Instructions to follow = Below are some records. Return exactly the lines from the one with "AKKO Außen-Stechhalter, kompatibel" to the one with "<br/>rechts, Schaft 25 x 25 mm", and nothing else.

Exercise data =
□ □ □ □ □ □ □
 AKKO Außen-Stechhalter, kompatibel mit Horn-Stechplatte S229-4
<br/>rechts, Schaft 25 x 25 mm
□ □ □ □ □ □ □
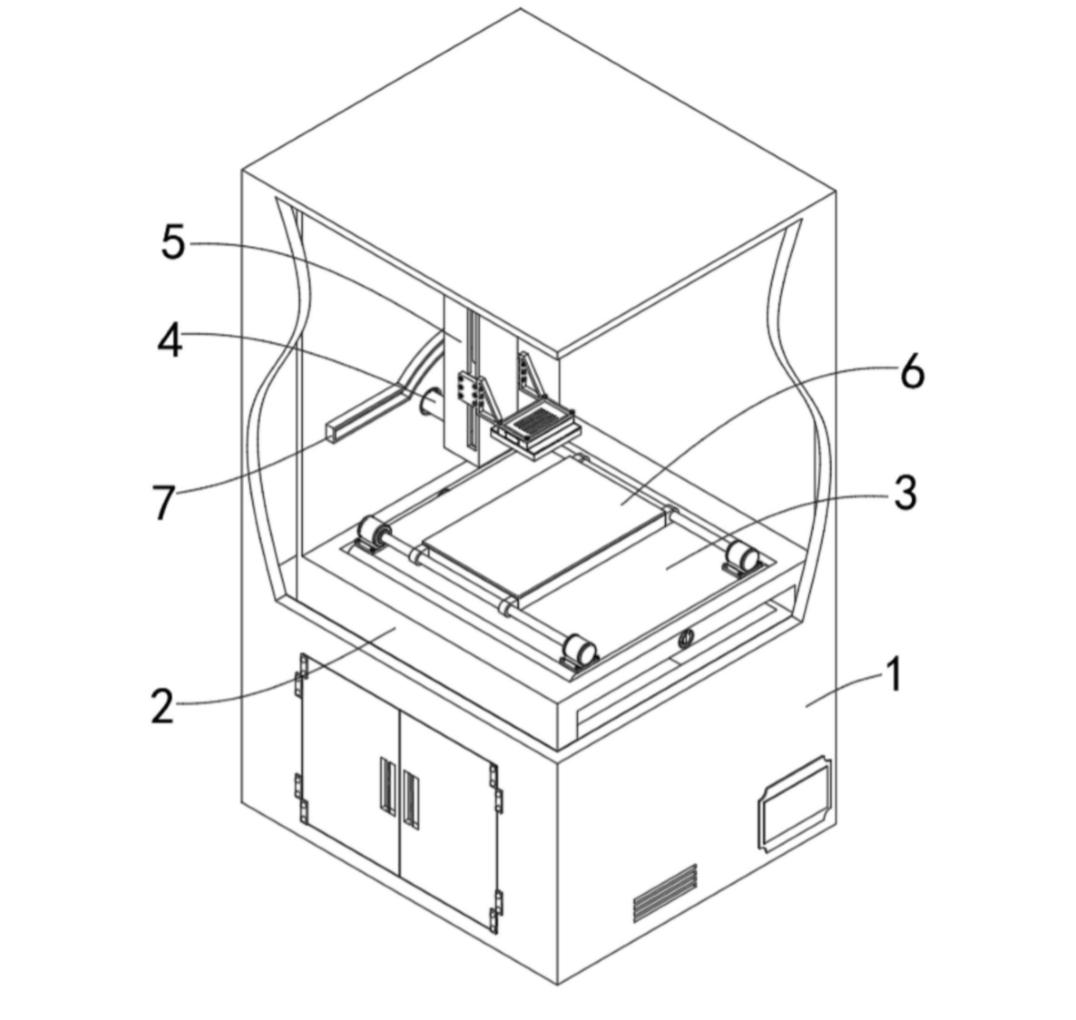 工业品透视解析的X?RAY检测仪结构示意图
□ □ □ □ □ □ □
Task response =
 AKKO Außen-Stechhalter, kompatibel mit Horn-Stechplatte S229-4
<br/>rechts, Schaft 25 x 25 mm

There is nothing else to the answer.